In this post I want to talk a bit about plot because plot creates a basic framework for story and will govern things like the types of characters we need to people the story, the types of experiences they have had in their lifetimes, and similar things.
Romance novels have specific things that readers expect to find in a fairly specific order within their pages. The same is true for domestic discipline stories with a romantic relationship focus. We are not going to cover all of these in this post as the list is too long but we are going to talk about two main elements that readers of romance are looking for early in the story and that serve a functional purpose early in a romance novel.
One of the first things that happens in a romance novel is that the hero and heroine (or heroes and heroine, or hero and hero, or heroine and heroine, or other combination) meet.

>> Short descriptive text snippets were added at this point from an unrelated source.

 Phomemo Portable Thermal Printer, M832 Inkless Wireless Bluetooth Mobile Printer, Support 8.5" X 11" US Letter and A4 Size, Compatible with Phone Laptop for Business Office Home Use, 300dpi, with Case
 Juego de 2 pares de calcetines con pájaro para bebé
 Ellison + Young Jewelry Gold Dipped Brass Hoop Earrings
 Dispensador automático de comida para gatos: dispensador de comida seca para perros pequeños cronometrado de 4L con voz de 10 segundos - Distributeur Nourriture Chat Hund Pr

At this point in the story two things come into play…underlying attraction which is often physical in nature, and either direct conflict or the seeds of a conflict that will be developed.

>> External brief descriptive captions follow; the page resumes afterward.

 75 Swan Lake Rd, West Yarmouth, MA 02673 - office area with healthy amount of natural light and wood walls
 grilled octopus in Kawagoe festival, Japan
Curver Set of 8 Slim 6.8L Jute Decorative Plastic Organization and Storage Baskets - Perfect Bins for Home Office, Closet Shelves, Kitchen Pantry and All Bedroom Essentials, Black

One could think of this as just a plot point but any time you have a plot point you also have elements of character that come into it. Plot and character are tied together. Think strands of that rough, twiney, sisal rope. The strands are tightly twisted together to make the rope. Plot and character are similar. The two are twisted tightly together to form story.

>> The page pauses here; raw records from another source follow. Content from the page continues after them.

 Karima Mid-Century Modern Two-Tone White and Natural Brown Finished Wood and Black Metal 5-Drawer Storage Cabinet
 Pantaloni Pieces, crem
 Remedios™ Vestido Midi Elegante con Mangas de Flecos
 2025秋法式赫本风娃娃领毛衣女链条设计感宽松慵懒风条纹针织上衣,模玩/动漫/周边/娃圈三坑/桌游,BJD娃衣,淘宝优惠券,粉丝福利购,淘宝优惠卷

So as we are thinking about early novels where the characters first meet, we need to think about a couple of things. First, we need to think about what is going to provide underlying attraction. We also need to think about conflict and what is going to propel these characters away from each other and away from happy ever after.
The characters need to be both attracted to each other and simultaneously repelled.
Being repelled can happen at a personal level as in the hero doesn’t like the heroine because he thinks she’s a bubble headed airhead who gets by on her long legs and ample cleavage.
Conflict and seeds of conflict can also work at the relationship level. As in the hero doesn’t want a relationship with ANYONE.
Conflict and seeds of conflict can exist on the level of the specific character stands in the way or has in the past stood in the way of attaining other goals. For example the hero who is friends with the heroine’s father stands in the way preventing the heroine from taking over the running of the family ranch.
Any of these types of scenarios can work to provide the necessary conflict or seeds of conflict necessary at the point where the characters meet or reunite.
When thinking about the scene in which the characters first meet I would begin by asking:
What events bring the characters into each other’s lives at this point?
What attracts each character to the other character? Why is each character attracted to what they are attracted to?
What repels each character either about the other character or about relationships in general?
What incidents in the character’s history contribute to the character being repelled by the character or by relationships in general?
What incidents in the character’s history contribute to the character being attracted by the character or by relationships in general?
This is obviously not enough character development for the novel as a whole…but it is a starting point. This series of posts we’re working from the ground up and developing a basic framework for story.
At this point I just want you to think about the pieces of character that you need to make the scene where the hero and heroine meet for the first time work. Those things are the ones above. Once we know the bigger pieces we can always come back and fill in smaller details.